## WHAT NEEDS TO BE DONE:
Could you return the data that follows exactly, minus the images?

## Stored records:
....................

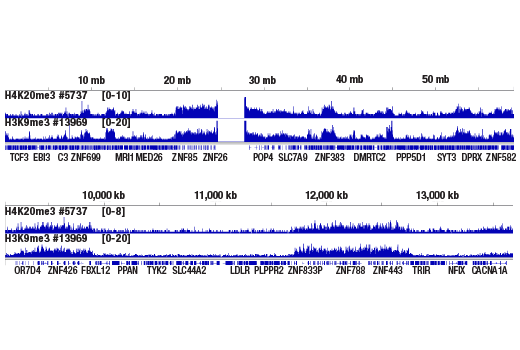 Chromatin Immunoprecipitation Image 2: Tri-Methyl-Histone H4 (Lys20) (D84D2) Rabbit Monoclonal Antibody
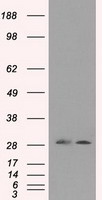 CTLA4 Antibody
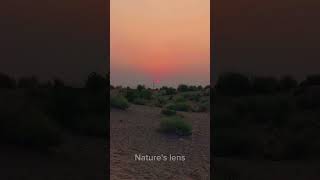 Golden Horizon at Sunsetnature explore shorts viralvideo [upl. by Frolick]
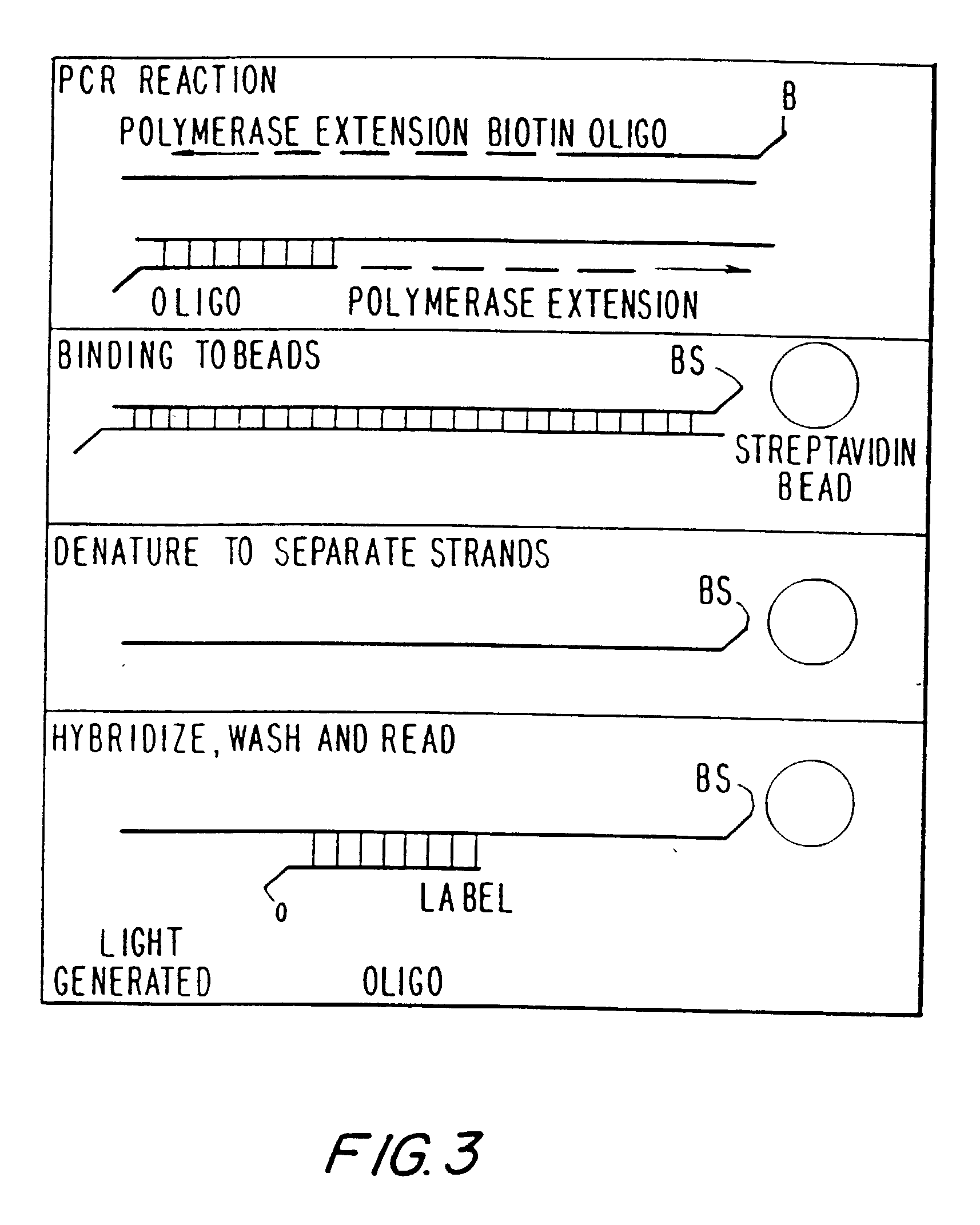 Methods and apparatus for improved luminescence assays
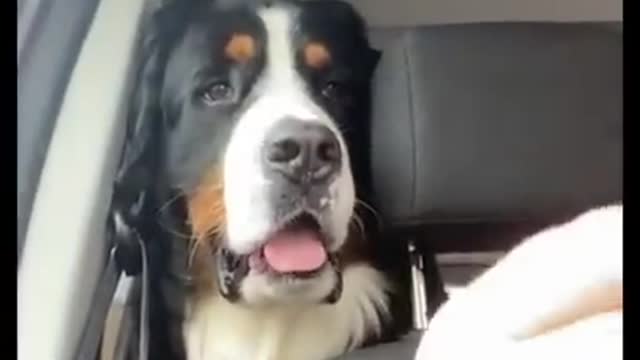 Ultimate Funny Dogs Compilation! 🤣 Most Viral DOGS on the internet! 🐕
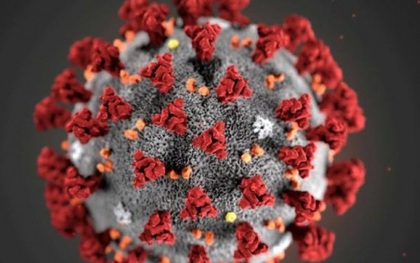 Nguy cơ phát tán virus từ người đã tiêm vaccine và hiểm họa mới từ biến thể Lambda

....................

## WRITTEN RESPONSE:
 Chromatin Immunoprecipitation Image 2: Tri-Methyl-Histone H4 (Lys20) (D84D2) Rabbit Monoclonal Antibody
 CTLA4 Antibody
 Golden Horizon at Sunsetnature explore shorts viralvideo [upl. by Frolick]
 Methods and apparatus for improved luminescence assays
 Ultimate Funny Dogs Compilation! 🤣 Most Viral DOGS on the internet! 🐕
 Nguy cơ phát tán virus từ người đã tiêm vaccine và hiểm họa mới từ biến thể Lambda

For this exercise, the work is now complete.